Meeting the high-availability challenge

Participating in global markets and maintaining 24 * 7 presence for customers can be rewarding, but the challenge of maintaining servers to meet those availability requirements can cause many headaches for systems administrators. System outages can cause lost revenue, lost productivity, data loss, and customer dissatisfaction. One tightly packaged solution to meet the availability challenge is Stratus Technologies' ftServer 3210, an entry-level, fault-tolerant server with an average annual downtime of less than 1 hour.

Product Architecture
Stratus Technologies builds the ftServer 3210 from the ground up to be a highly available, fault-tolerant platform for mission-critical applications. The product runs Windows 2000 Advanced Server to accommodate the plethora of applications that require high availability (e.g., securities trading, retail banking, messaging, health care, point of sale).

The system's hardware compares to alternative solutions such as Win2K clustering in the way it uses standard architecture (e.g., Intel Pentium III processors, DIMM memory, Ultra 160 SCSI, PCI bus, hot-swappable drives). The defining difference is in the implementation of redundant hardware components. Whereas a cluster might have a second server standing by for failover use, the ftServer 3210 uses paired components internally.

Stratus Technologies uses the term Dual Modular Redundancy (DMR) to refer to the wholly redundant, lockstep-operating CPU modules. Lockstep operation means that at any given time, the system executes identical and precisely parallel actions on each of the paired components. The server ships with VERITAS Software's VERITAS Volume Manager 2.7, which dual-initiates the disks by using redundant SCSI controllers and buses, then logically pairs the disks. The Intel PROSet II utility manages the redundant NICs to establish fault tolerance. Other components (e.g., floppy disk and CD-ROM drives) are standard simplex devices. You can hot-swap the majority of the ftServer 3210 modules for service and upgrade operations.

The ftServer 3210 has some similarities to a Win2K-based cluster. The Win2K kernel is at the heart of both systems, and additional software is responsible for monitoring and responding to hardware problems. Stratus has built a layer of fault-tolerant services that exist below the application level in Win2K, so applications don't require modification to benefit from the ftServer 3210's availability.
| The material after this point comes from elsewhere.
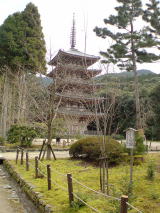 旅ニケーション 京都旅行・京都観光 醍醐寺 五重塔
This software also maintains mean time between failure (MTBF) statistics that a systems administrator can analyze and use to tailor responses to crucial hardware concerns. Hardened device drivers for Stratus-supported PCI adapters provide self-monitoring duplexed operation and manage physical memory that the adapters access.

The characteristics that best differentiate the ftServer 3210 from a cluster relate to failure, recovery, and implementation time. With the ftServer 3210's lockstep operation, no switchover occurs when a component fails. Components that haven't failed simply continue to run the system until you replace the failed components. Recovering from a failure is less labor-intensive because you need only to swap modules in most cases. The new module synchronizes with the live module without interruption. Another benefit of lockstep operation is that in the event of a failure, the system protects data that's in memory as well as data on disk. Because implementing the ftServer 3210 doesn't require scripting or application modification, implementation is fast. The ftServer 3210 also sidesteps the typical shared-disk storage problems that plague conventional cluster implementations because the redundant adapters and cables are all internal to the product.

Monitoring and Management
Stratus provides two Microsoft Management Console (MMC) snap-ins for monitoring and management: ftServer Management Console and Stratus ftServer Software Availability Manager. (The Software Availability Manager items are visible only through a pop-up menu when you right-click the Availability Manager icon in MMC.) The ftServer Management Console lets you drill down for specific hardware information as Figure 1 shows, and the Software Availability Manager lets you set thresholds and alerting options for various monitored hardware and software components. I found both snap-ins to be intuitive and useful for monitoring and managing the server. The well-instrumented hardware provides more statistics than most people would ever want to see. You can also take advantage of this instrumentation through leading third-party management applications (e.g., Computer Associates'—CA's—Unicenter, IBM's Tivoli), and you can run a Remote Management Installation, which gives you the tools to manage the ftServer 3210 from another system. Although you can customize monitoring to suit your needs, the ftServer 3210 also comes equipped with integrated service technology.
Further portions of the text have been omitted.